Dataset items
- Opening Delimiter -

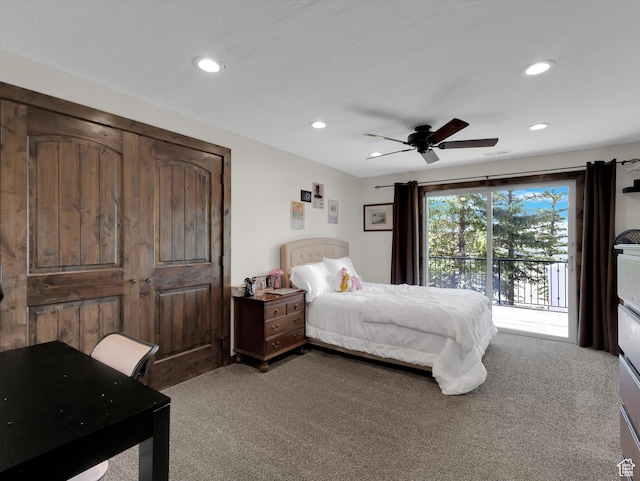 1271 E Oakridge Rd S, Park City, UT 84098 - bedroom with access to exterior, carpet, a ceiling fan, and recessed lighting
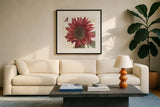 Sunflower Splendor X by Beth Grove. Displayed in a glass frame with matte in a clean modern living room. Available as an archival giclee rolled canvas, fine art paper, or poster print. SKU 65348a.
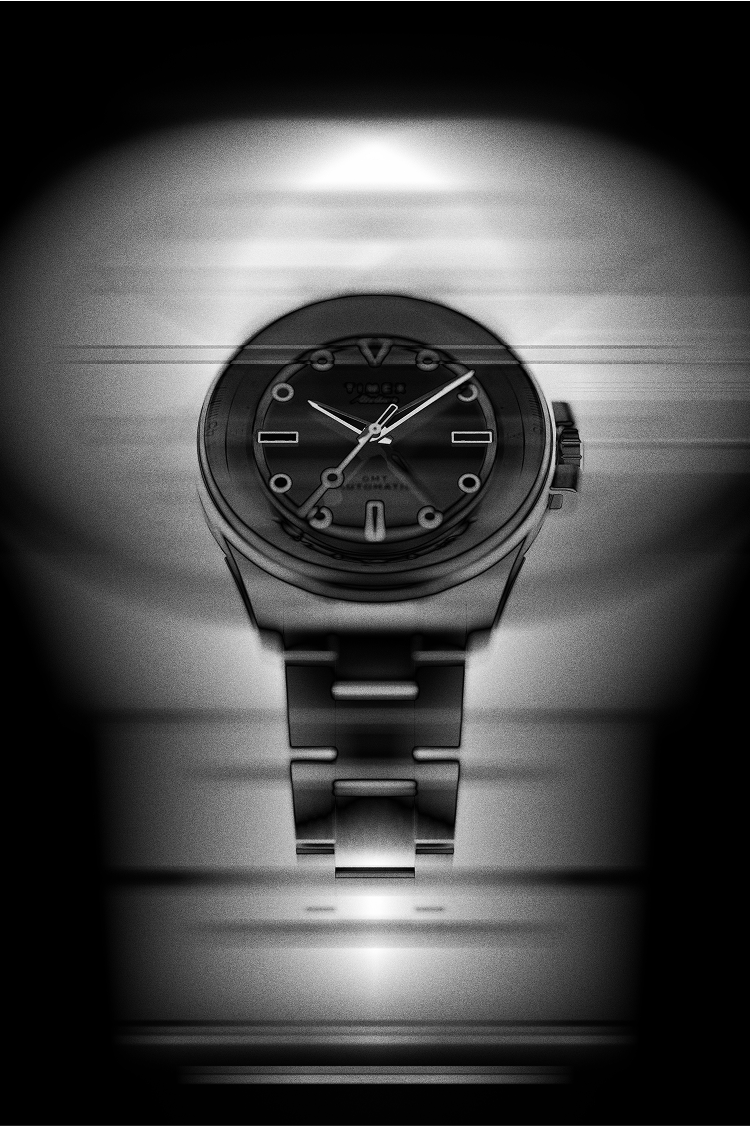 Artistic black-and-white image of the Timex Atelier GMT Automatic watch with a blurred motion effect, symbolizing dynamic craftsmanship.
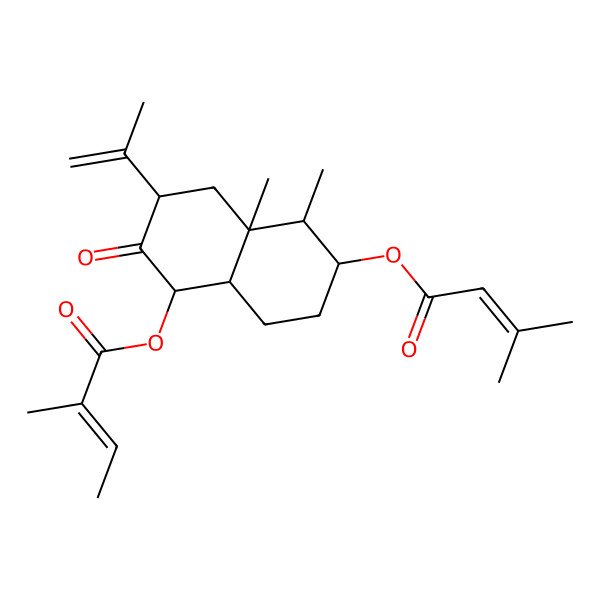2D Structure of [(1R,3R,4aR,5R,6R,8aS)-4a,5-dimethyl-6-(3-methylbut-2-enoyloxy)-2-oxo-3-prop-1-en-2-yl-1,3,4,5,6,7,8,8a-octahydronaphthalen-1-yl] (E)-2-methylbut-2-enoate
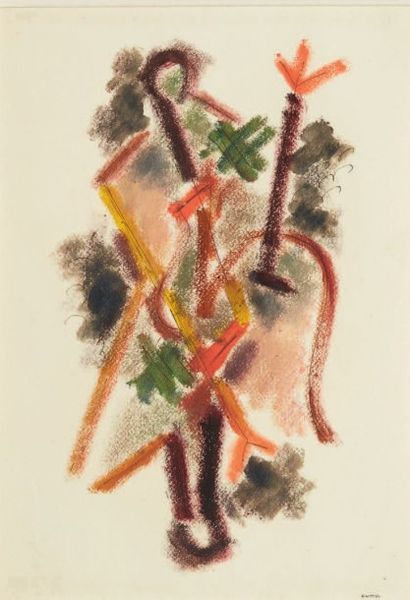 HENRI NOUVEAU (1901 - 1959) Zimmobrer Komplex, 1945 Gouache et huile sur papier Monogrammée...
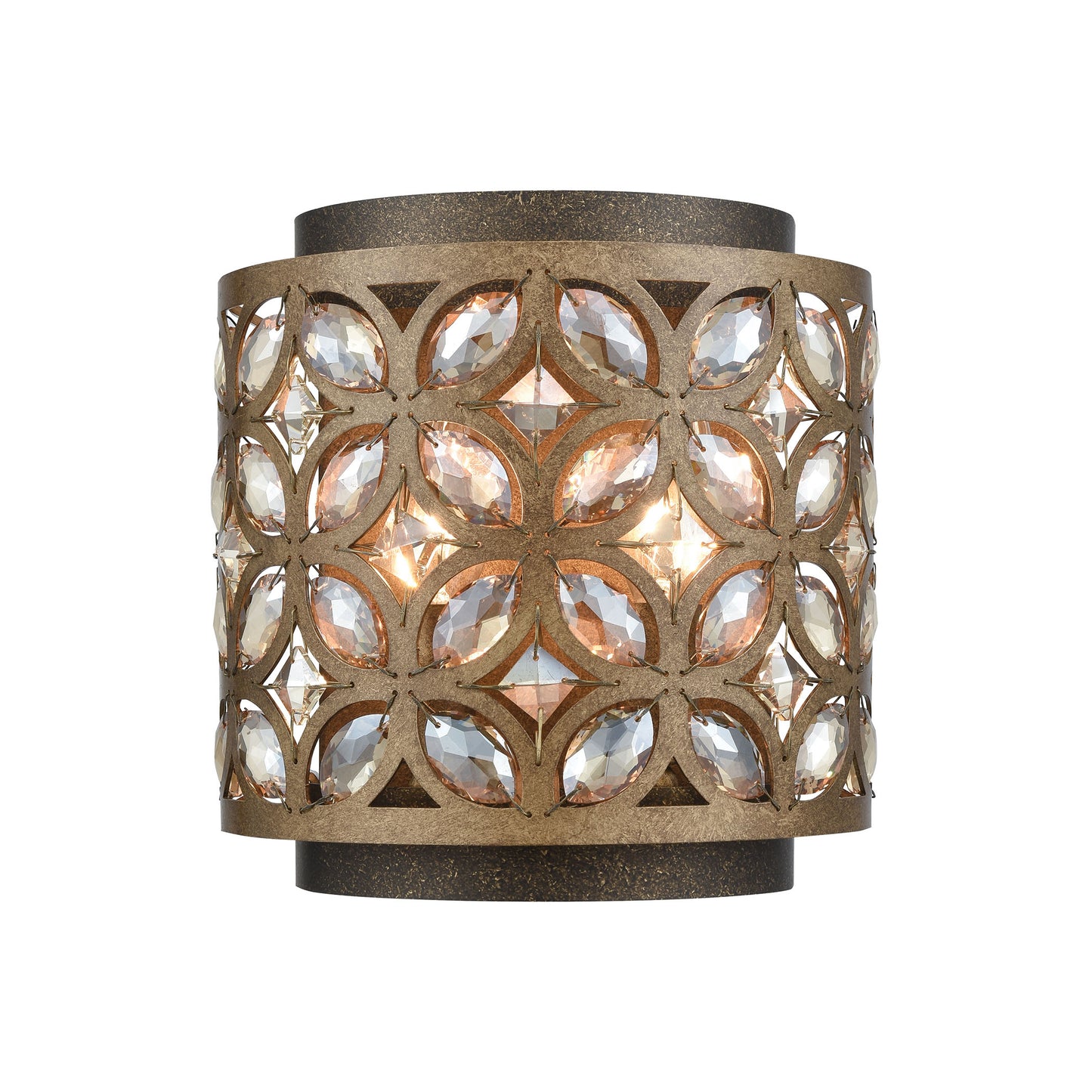 Rosslyn 2-Light Sconce in Mocha and Deep Bronze with Crystal and Metalwork Shade ELK Lighting | Sconces | Modishstore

- Closing Delimiter -

WHAT YOU NEED TO DO - Could the lines from the first entry through the line that contains "Sunflower Splendor X" be copied exactly, with all pictures left out?

RESPONSE -
 1271 E Oakridge Rd S, Park City, UT 84098 - bedroom with access to exterior, carpet, a ceiling fan, and recessed lighting
 Sunflower Splendor X by Beth Grove. Displayed in a glass frame with matte in a clean modern living room. Available as an archival giclee rolled canvas, fine art paper, or poster print. SKU 65348a.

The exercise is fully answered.